The script was written by Cormac McCarthy, the author acclaimed for his novels such as “The Road”, and the film was directed by Ridley Scott, known for “Alien” and “Gladiator.” McCarthy’s ability to write complex and realistic characters is truly evident throughout the film, from Michael Fassbender’s (“Prometheus”) Counselor, who is a lawyer that glorifies his own actions, to Cameron Diaz’s (“There’s Something About Mary”) Malkina, who is the beautiful arm candy of a drug dealer with hidden aspirations of her own. Scott, known most recently for the infamously bad “Prometheus” always knows how to present an utterly stunning picture on the screen, but sometimes flounders in his use of the phenomenal actors at his disposal. With such experienced actors, Scott should have pushed them to their full potentials rather than focusing more on aesthetically pleasing the audience.

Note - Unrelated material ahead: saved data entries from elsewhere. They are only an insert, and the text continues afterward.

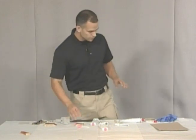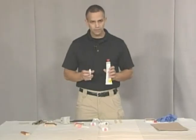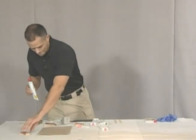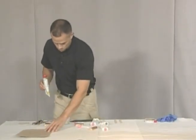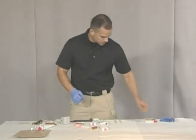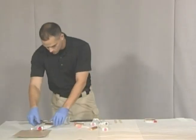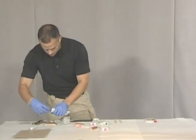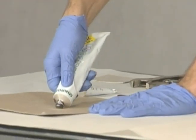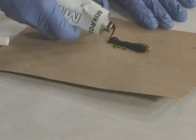The first thing we're going to do is use our Microsil. Microsil comes in two separate tubes — one is the hardener and one is the actual Microsil. I'm going to put my gloves on and then we're going to mix the Microsil. Microsil comes in different colors and this one is black, so first we're going to make a black line.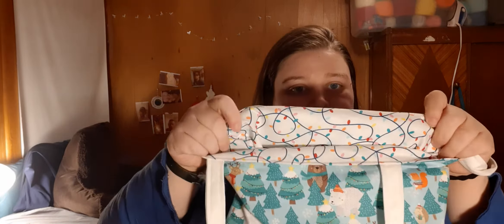Next we have another sloth bag. This one has a sloth laying in a coffee cup holding some cookies, just kind of hanging out. It has a white handle and a snowflake star print for the lining.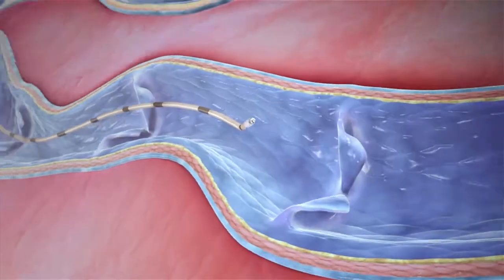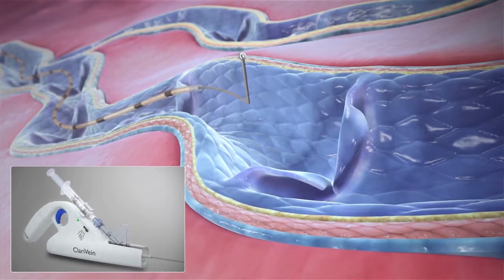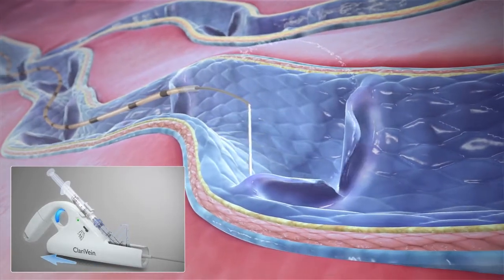Upon activation, the unique rotating ball dispersion tip rotates at approximately 3500 RPM, creating a targeted penetration.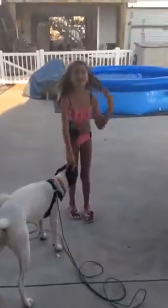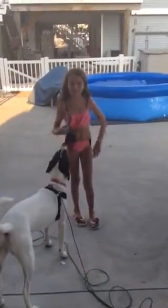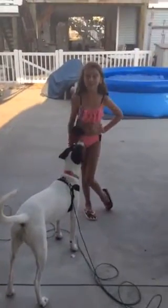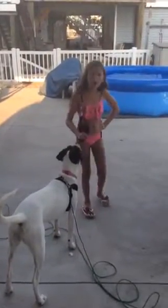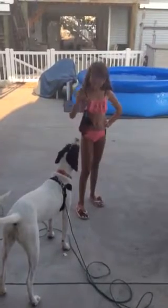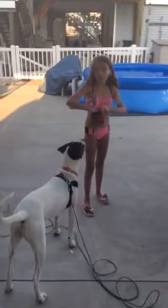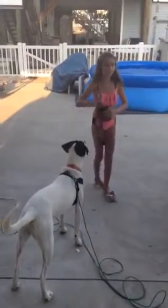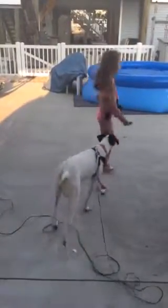Hey guys, it's Emma and this is Lily — she's not on the channel. We're going to be clicker training your dog to speak. What you're going to need is, of course, a clicker and some good treats that they like. Kind of hide them from the dog so they don't get overexcited.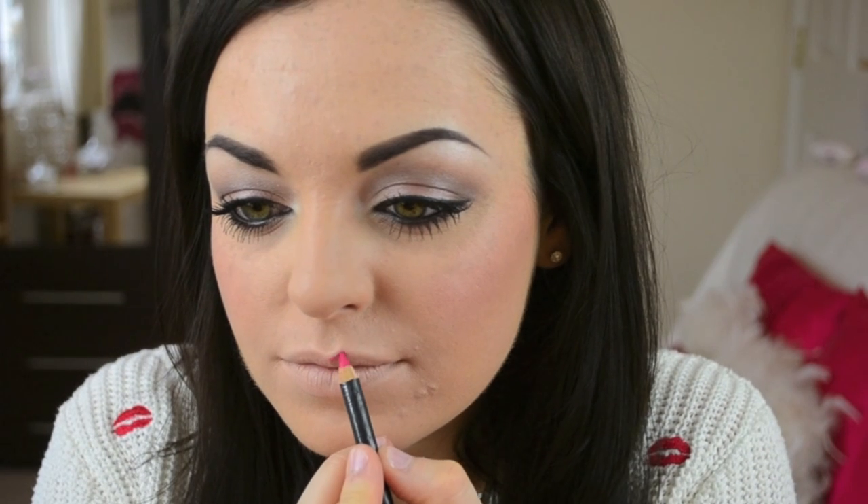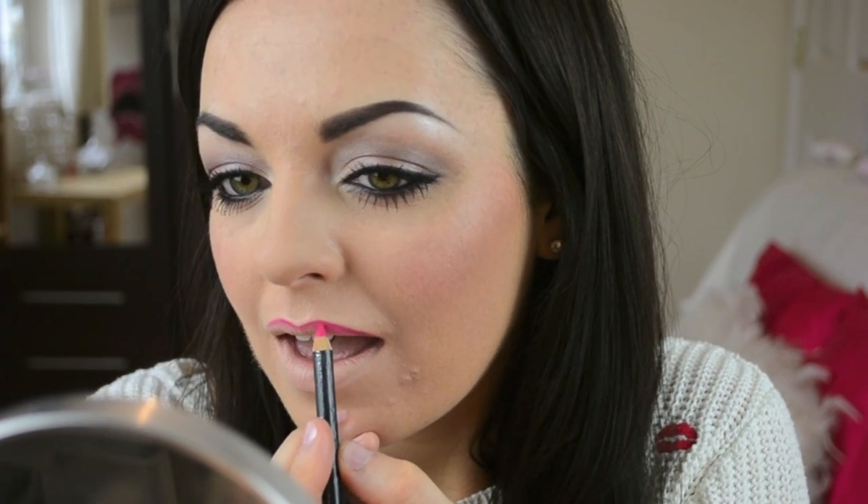So the lip liner I'm going to be using today is called Process Magenta from MAC — I think this is a MAC Pro Colour — but any lip liner you can do is absolutely fine. So I'm just going to begin. You can see now I've gone right round the edges of my lips and I've looked straight ahead in the mirror and tried to find symmetry in my lips, because my lips are actually thinner on this side than they are on this side, so I have to compensate by going over the edges a tiny little bit on this side to try and even things out. Just look straight ahead in the mirror and try to find any areas that need smoothing out to match.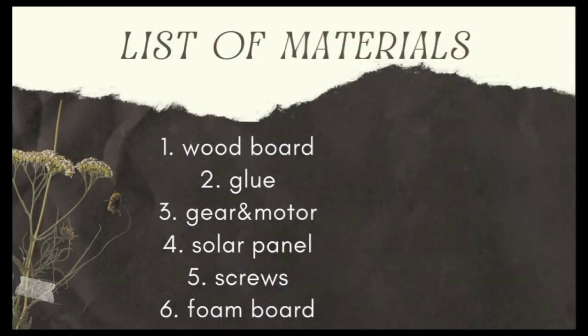So we move on to our materials that we use. We use wood board, glue, gear and motor, solar panel, screws, and foam board.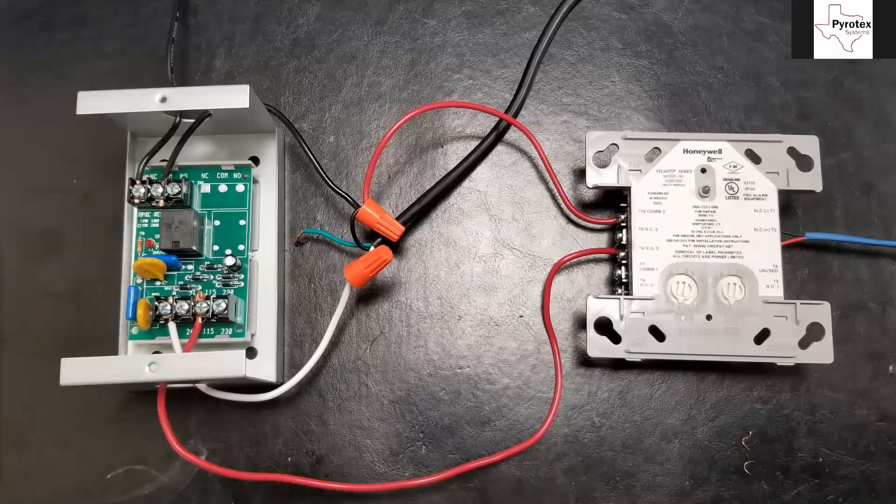I'll trace through the wiring quickly. This black leg coming down the middle contains our hot, neutral, and ground — this is the power coming from the electricians for the circuit. I'm just using a dummy cord in this example, like I always do. Right here, we just have our neutral coming in because this relay requires a neutral wire to operate, and that's all the neutral wire is doing.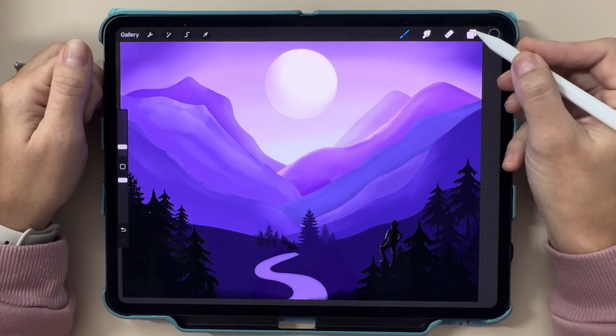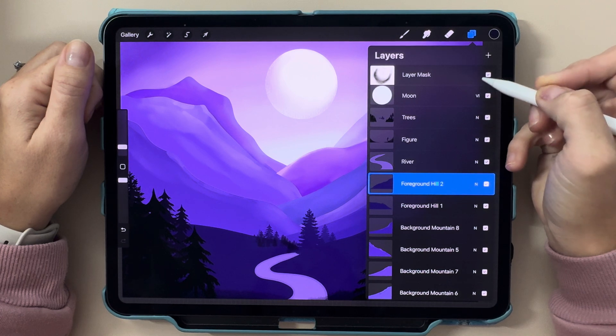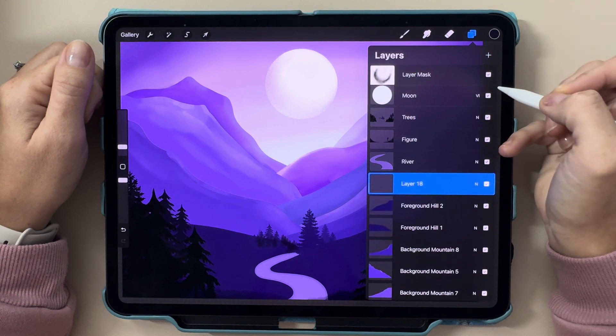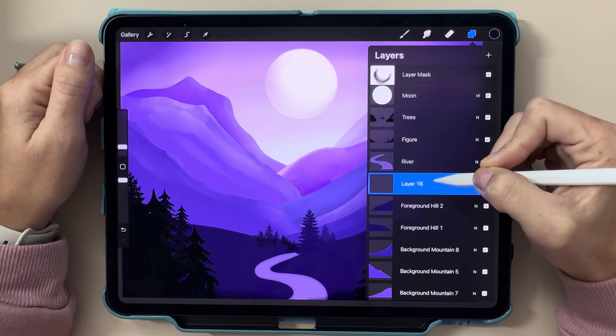To start, tap the layers icon at the top right corner — here's where all the magic happens. You can add a new layer by tapping the plus sign, and each layer is completely separate from the others. This means you can sketch, color, and shade all on different layers for maximum control.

Besides Fassbender and Diaz, “The Counselor” also has such famous faces as Javier Bardem (“Skyfall”), Penelope Cruz (“Pirates of the Caribbean: On Stranger Tides”) and Brad Pitt (“World War Z”). Bardem is Reiner, a drug dealer with a taste for the lavish, such as the two cheetahs that he owns. Cruz is Laura, the fiancée of Counselor, who chooses to believes his blatant lies to absolve her own worries. Pitt is Westray, another man mixed up in the drug dealings who seems to be the most willing to accept the real nature of the human condition. All are complex characters with varying motives, whether they be selfish or selfless.

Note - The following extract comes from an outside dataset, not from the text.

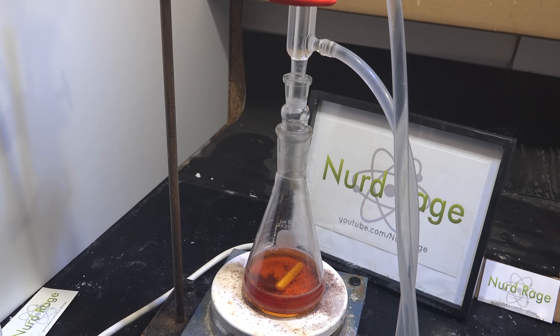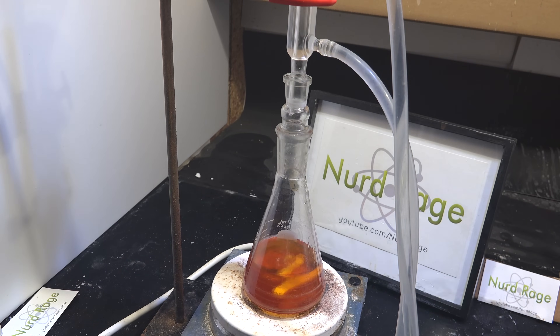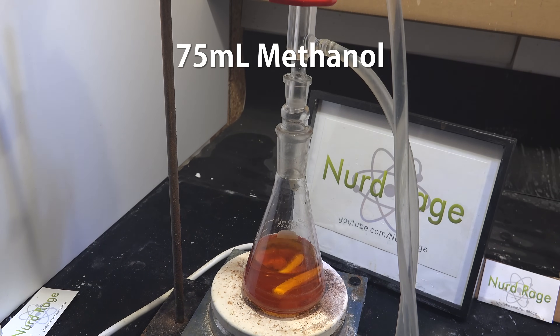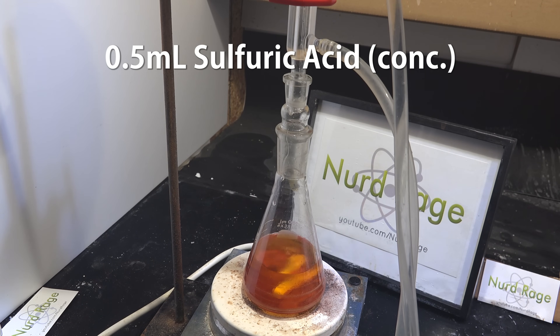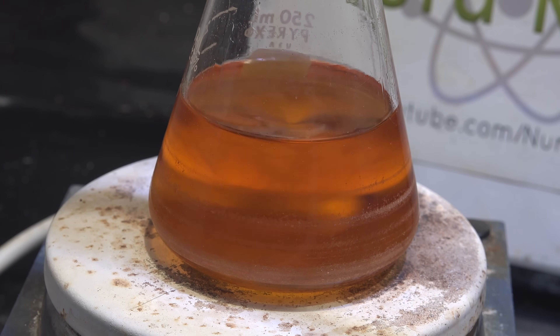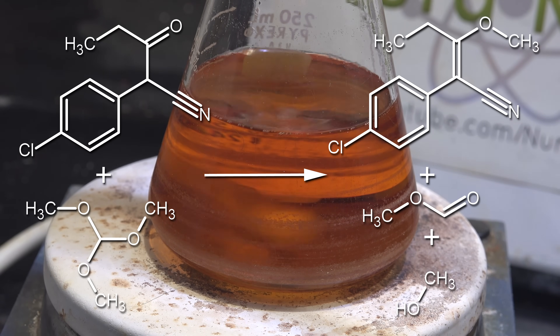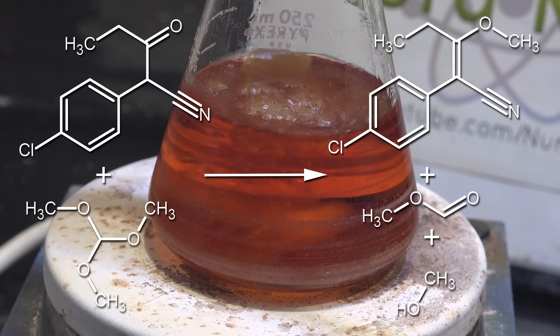Now remove the Dean-Stark apparatus and reassemble with the reflux condenser. Through the top of the condenser, add 30mL of trimethyl orthoformate made in a previous video, then 75mL of methanol dried over molecular sieves, and finally 0.5mL of concentrated sulfuric acid distilled from drain cleaner. Heat the mixture until it refluxes. What's happening is the trimethyl orthoformate is reacting with the 2-parachlorophenyl-3-oxopentane nitrile to form an enol ether.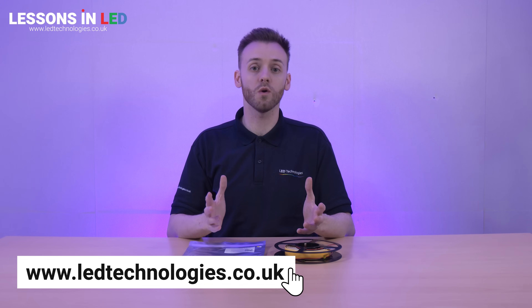For more information on our Neoled 20mm wide COB LED strip, please visit our website where you can download data sheets or contact a technical support team member who will be happy to help.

The most powerful character throughout “The Counselor” would have to fall to Diaz though. In the introduction to her character, she appears to merely be a trope to supplement the character of Reiner, but on further reveal, Malkina knows more than she lets on. The most chilling scene of all occurs near the beginning of the film, when Malkina and Laura are talking together about each other’s boyfriends and religions. Though she tries desperately to understand where Laura finds her faith in religion, Malkina is so utterly disparaged that she sees it as another place to lash out her anger and thinly veiled thirst for psychological violence.

No one in this film is truly innocent or guilty- McCarthy’s multifaceted fictional creations mirror the truth of the world. Sometimes, people make poor decisions and are forced down a path they never would have agreed to originally, a story similar to that of Walter White from the TV show “Breaking Bad.” The viewers are allowed to choose who they stand behind in this violent epic.

Despite its harsh projection of the world, “The Counselor” is still a compelling story that could apply in some aspects of life. Yet many people do not have pet cheetahs or a thirst for Columbian cocaine, so the film is fundamentally difficult to apply to one’s own life. “The Counselor” definitely could have capitalized on different aspects of the film to ensure its acclaim, but even though it fails to do so, it is still an interesting way to step away from everyday monotony for two hours.